The data below is to be retyped exactly, line by line.

Start of DATA FOR THE TASK

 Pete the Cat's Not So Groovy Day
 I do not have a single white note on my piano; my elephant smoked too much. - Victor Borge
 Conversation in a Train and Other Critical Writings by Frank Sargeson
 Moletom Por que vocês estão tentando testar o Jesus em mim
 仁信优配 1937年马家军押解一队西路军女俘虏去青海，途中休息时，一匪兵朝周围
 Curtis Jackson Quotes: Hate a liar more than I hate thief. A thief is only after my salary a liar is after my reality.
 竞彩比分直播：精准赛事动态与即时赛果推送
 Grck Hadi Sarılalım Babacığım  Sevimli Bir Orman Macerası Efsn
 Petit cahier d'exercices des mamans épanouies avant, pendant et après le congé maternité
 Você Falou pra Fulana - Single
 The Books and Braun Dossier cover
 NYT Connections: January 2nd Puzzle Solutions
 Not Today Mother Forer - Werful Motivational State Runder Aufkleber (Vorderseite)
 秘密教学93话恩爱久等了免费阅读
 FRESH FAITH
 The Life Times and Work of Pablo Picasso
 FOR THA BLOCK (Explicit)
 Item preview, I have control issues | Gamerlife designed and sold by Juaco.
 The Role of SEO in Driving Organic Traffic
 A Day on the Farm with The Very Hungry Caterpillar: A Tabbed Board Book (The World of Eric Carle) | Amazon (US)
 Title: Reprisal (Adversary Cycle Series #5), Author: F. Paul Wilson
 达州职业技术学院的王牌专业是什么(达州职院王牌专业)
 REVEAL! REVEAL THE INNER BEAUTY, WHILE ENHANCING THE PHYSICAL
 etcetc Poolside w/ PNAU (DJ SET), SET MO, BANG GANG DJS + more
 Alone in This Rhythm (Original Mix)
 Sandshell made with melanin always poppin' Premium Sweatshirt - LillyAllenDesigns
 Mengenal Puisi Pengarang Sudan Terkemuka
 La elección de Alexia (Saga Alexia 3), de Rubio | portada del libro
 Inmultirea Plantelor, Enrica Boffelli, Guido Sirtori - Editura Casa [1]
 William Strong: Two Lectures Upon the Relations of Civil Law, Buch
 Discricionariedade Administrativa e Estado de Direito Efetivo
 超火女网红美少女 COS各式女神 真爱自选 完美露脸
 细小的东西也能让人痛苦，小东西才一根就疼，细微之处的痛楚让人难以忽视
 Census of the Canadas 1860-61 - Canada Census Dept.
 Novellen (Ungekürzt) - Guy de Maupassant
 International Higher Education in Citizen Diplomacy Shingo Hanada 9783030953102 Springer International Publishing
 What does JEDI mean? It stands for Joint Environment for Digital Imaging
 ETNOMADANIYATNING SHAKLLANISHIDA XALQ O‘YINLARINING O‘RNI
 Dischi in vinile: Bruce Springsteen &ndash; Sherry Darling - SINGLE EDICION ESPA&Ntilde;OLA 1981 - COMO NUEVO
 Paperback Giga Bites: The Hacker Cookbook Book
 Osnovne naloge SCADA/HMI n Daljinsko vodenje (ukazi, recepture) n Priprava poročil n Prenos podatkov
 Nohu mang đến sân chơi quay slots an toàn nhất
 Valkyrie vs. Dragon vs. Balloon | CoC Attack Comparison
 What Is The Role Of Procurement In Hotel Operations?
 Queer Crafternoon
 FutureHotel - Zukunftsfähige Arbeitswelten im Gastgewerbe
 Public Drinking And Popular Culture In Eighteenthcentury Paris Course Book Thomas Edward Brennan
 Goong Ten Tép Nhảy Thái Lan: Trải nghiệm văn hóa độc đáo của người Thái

End of DATA FOR THE TASK

▸ **ANSWER SECTION**:
 Pete the Cat's Not So Groovy Day
 I do not have a single white note on my piano; my elephant smoked too much. - Victor Borge
 Conversation in a Train and Other Critical Writings by Frank Sargeson
 Moletom Por que vocês estão tentando testar o Jesus em mim
 仁信优配 1937年马家军押解一队西路军女俘虏去青海，途中休息时，一匪兵朝周围
 Curtis Jackson Quotes: Hate a liar more than I hate thief. A thief is only after my salary a liar is after my reality.
 竞彩比分直播：精准赛事动态与即时赛果推送
 Grck Hadi Sarılalım Babacığım  Sevimli Bir Orman Macerası Efsn
 Petit cahier d'exercices des mamans épanouies avant, pendant et après le congé maternité
 Você Falou pra Fulana - Single
 The Books and Braun Dossier cover
 NYT Connections: January 2nd Puzzle Solutions
 Not Today Mother Forer - Werful Motivational State Runder Aufkleber (Vorderseite)
 秘密教学93话恩爱久等了免费阅读
 FRESH FAITH
 The Life Times and Work of Pablo Picasso
 FOR THA BLOCK (Explicit)
 Item preview, I have control issues | Gamerlife designed and sold by Juaco.
 The Role of SEO in Driving Organic Traffic
 A Day on the Farm with The Very Hungry Caterpillar: A Tabbed Board Book (The World of Eric Carle) | Amazon (US)
 Title: Reprisal (Adversary Cycle Series #5), Author: F. Paul Wilson
 达州职业技术学院的王牌专业是什么(达州职院王牌专业)
 REVEAL! REVEAL THE INNER BEAUTY, WHILE ENHANCING THE PHYSICAL
 etcetc Poolside w/ PNAU (DJ SET), SET MO, BANG GANG DJS + more
 Alone in This Rhythm (Original Mix)
 Sandshell made with melanin always poppin' Premium Sweatshirt - LillyAllenDesigns
 Mengenal Puisi Pengarang Sudan Terkemuka
 La elección de Alexia (Saga Alexia 3), de Rubio | portada del libro
 Inmultirea Plantelor, Enrica Boffelli, Guido Sirtori - Editura Casa [1]
 William Strong: Two Lectures Upon the Relations of Civil Law, Buch
 Discricionariedade Administrativa e Estado de Direito Efetivo
 超火女网红美少女 COS各式女神 真爱自选 完美露脸
 细小的东西也能让人痛苦，小东西才一根就疼，细微之处的痛楚让人难以忽视
 Census of the Canadas 1860-61 - Canada Census Dept.
 Novellen (Ungekürzt) - Guy de Maupassant
 International Higher Education in Citizen Diplomacy Shingo Hanada 9783030953102 Springer International Publishing
 What does JEDI mean? It stands for Joint Environment for Digital Imaging
 ETNOMADANIYATNING SHAKLLANISHIDA XALQ O‘YINLARINING O‘RNI
 Dischi in vinile: Bruce Springsteen &ndash; Sherry Darling - SINGLE EDICION ESPA&Ntilde;OLA 1981 - COMO NUEVO
 Paperback Giga Bites: The Hacker Cookbook Book
 Osnovne naloge SCADA/HMI n Daljinsko vodenje (ukazi, recepture) n Priprava poročil n Prenos podatkov
 Nohu mang đến sân chơi quay slots an toàn nhất
 Valkyrie vs. Dragon vs. Balloon | CoC Attack Comparison
 What Is The Role Of Procurement In Hotel Operations?
 Queer Crafternoon
 FutureHotel - Zukunftsfähige Arbeitswelten im Gastgewerbe
 Public Drinking And Popular Culture In Eighteenthcentury Paris Course Book Thomas Edward Brennan
 Goong Ten Tép Nhảy Thái Lan: Trải nghiệm văn hóa độc đáo của người Thái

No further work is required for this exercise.